В глухом краю заросший луг,
В его траве, как первый иней,
Белеет пятнами вокруг
Недогоревший алюминий…
И долго бродят по ночам
По лугу призрачные блики.
А днем земля здесь горяча,
Земля красна от земляники.
Но эти ягоды не рвут,
Их пальцы вытерпят едва ли.
Они созреют, упадут,
И запекутся на дюрали.

Но даже после этого люди проходят сквозь облака хотя бы мыслью: «И след оставив пенный,/ Неведомым путем/ По зеркалу Вселенной/ Мы тихо поплывем…». И окончательно списанного по возрасту летчика «…До черты, до последнего вздоха/ Будет в небо как прежде тянуть…» от земли, где «Селом, как белые быки,/ Бредут рогатые сугробы,/ А за дворами вдоль реки/ Сверкает лед первейшей пробы…».

Этой земле стихотворец чутко внемлет тоже:

На ощупь окрестности пробуя,
Повадился дождик грибной,
И туча, как лошадь жеребая,
Застенчиво ржет за спиной.
Темно и прохладно, как в тереме,
Где слышно молитву с высот.
Природа смирилась с потерями
И вновь благоденствия ждет.

По-прежнему ощущая неразрывную связь с небом, где «…месяц, и тот пополам,/ Как будто ледышка, расколот…», поэт подсказывает любимой: «…на заре к тебе снегами/ В гости ангелы бредут…». И видит снегирей заколками в ее «ольховой пряди». И пусть «Время, словно резцом по железу,/ настрогало в виски седину…», лирический герой поэта готов тотчас отозваться на призыв своей спутницы «Туда, где рядом высятся/ Два холмика любви». Ведь «…плоть еще духу соперница/ До самых глубоких седин». Хотя и духовного единства не отнять: «…на гребне жизненного круга/ Петляют наши две лыжни,/ Не отдаляясь друг от друга…».

У Вьюхина та же земля, накапливая жар накануне весны, «просвечивает плотью,/ Как женщина сквозь пеньюар…». Хотя северные снега и впрямь роскошны, уместнее, возможно, была бы простая ночная рубашка.

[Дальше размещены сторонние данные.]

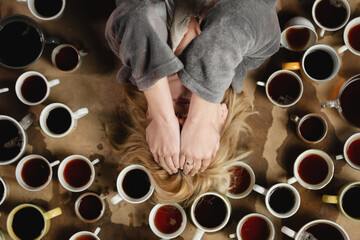 Fototapeta na wymiar Lots of cups of coffee and a tired woman. Deadline, overtime concept. Need for wakefulness.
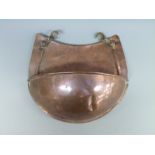 A 19thC Arts & Crafts copper drip tray or wall pocket with swing fastenings,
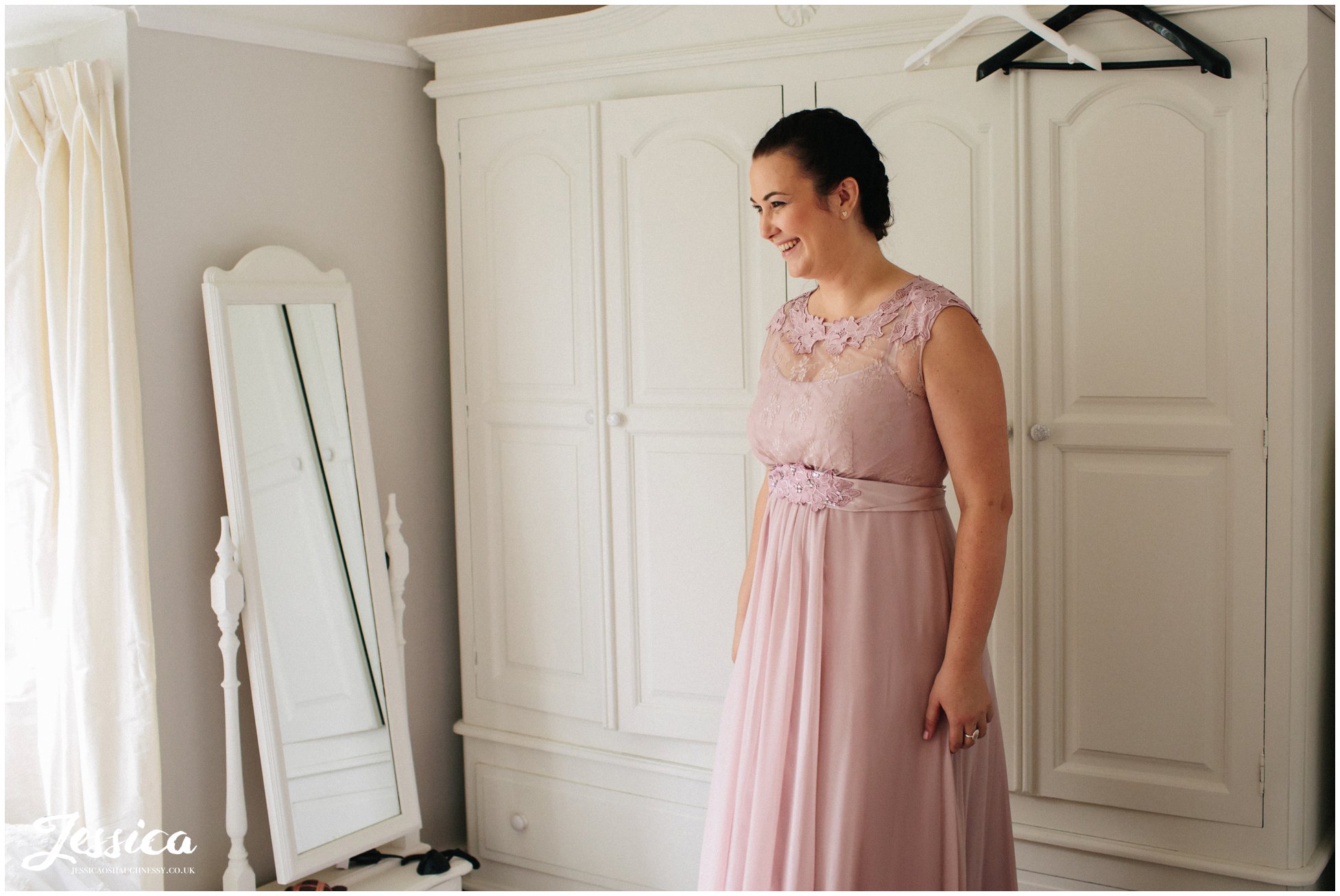 bridesmaid admire bride at her wedding in farndon, chester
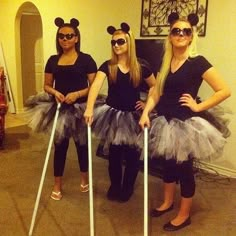 three women dressed up as mickey mouses with crutches in front of them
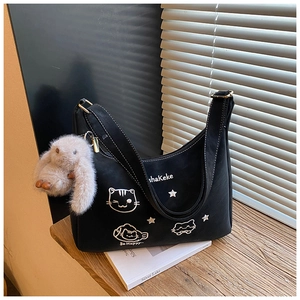 Detalle de bolso de lona negra con bordado de gato y un colgante de conejo de peluche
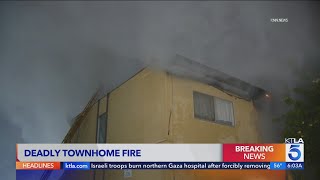 Woman dead, 3 others hospitalized after Panorama City townhomes burst into flames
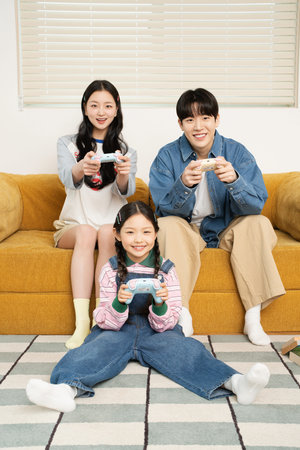 A young family playing games together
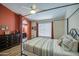 This spacious main bedroom features wood-look floors, an ensuite bathroom, and a metal canopy bed at 1853 W Estrella Dr, Chandler, AZ 85224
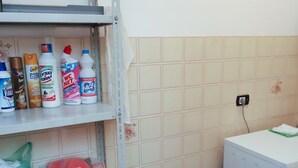 Une petite buanderie avec des étagères où sont rangés les produits de nettoyage, un lave-linge et une poubelle.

Но что ели в таежном сумраке стоят, как потушенные домны – здорово. И в нижнем течении Печоры действительно «Чиста вода и так протяжны дали,/ Как будто я вошел в огромный зал,/ Где рамы навсегда повыставляли…».

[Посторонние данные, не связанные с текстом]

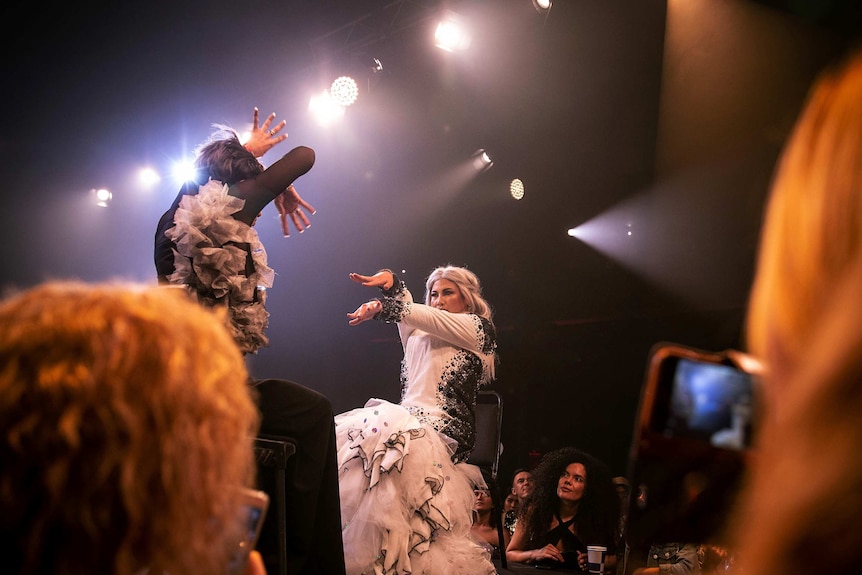 Two performers sit opposite each other on stage, moving their hands in the air, while audience members look on.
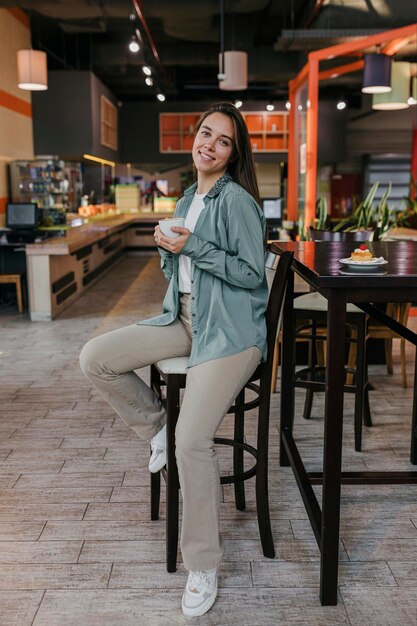 Jolie jeune femme bénéficiant d'une tasse de café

Цитирование, свидетельствующее, насколько глубоко за свою жизнь поэт прочувствовал и принял родной Север, можно продолжать. И все-таки сквозь уверенность в тщете и мимолетности громкого признания – «…Ничто знаменитость и лоск,/ Что силой иные достигли,/ Все это, как призрачный воск,/ Растает у времени в тигле…» – в воспоминании о молодости и Литинституте пробивается и сожаление:

…Как много тогда представлялось,
Но сбили с нарезки стиха
Кого-то душевная вялость.
Кого-то судьбы лемеха.
Нас много, хватило б и трети,
И те бы считали за честь.
И все-таки в каждом поэте
Неспетая музыка есть.

И еще в одном стихотворении – как отзвук:

…Поэтическое варево
Грел на медленном огне,
Что-то все не договаривал,
А сказать что было мне…

Впрочем, в этом двойном сожалении можно увидеть и просто чувство человека, заметившего «Что на последнем перегоне/ Судьба ускорила свой бег…». К тому же, несмотря на перемену вида поэтического транспорта и времени года, до конечной станции дело еще-таки не дошло. Пусть «…Широко и безоглядно/ Осень вскинула крыло…», душа отрады и тепла не утратила. И в стремлении удержать стихи, что бьются в утренних сетях и оставляют в руке светящиеся искорки чешуек, жилка на виске не просто пульсирует, а бушует.

Андрей РАСТОРГУЕВ,
поэт, член Союза писателей России.

Вьюхин В.Н. Родство. – Сыктывкар: ООО «Издательство «Кола», 2007.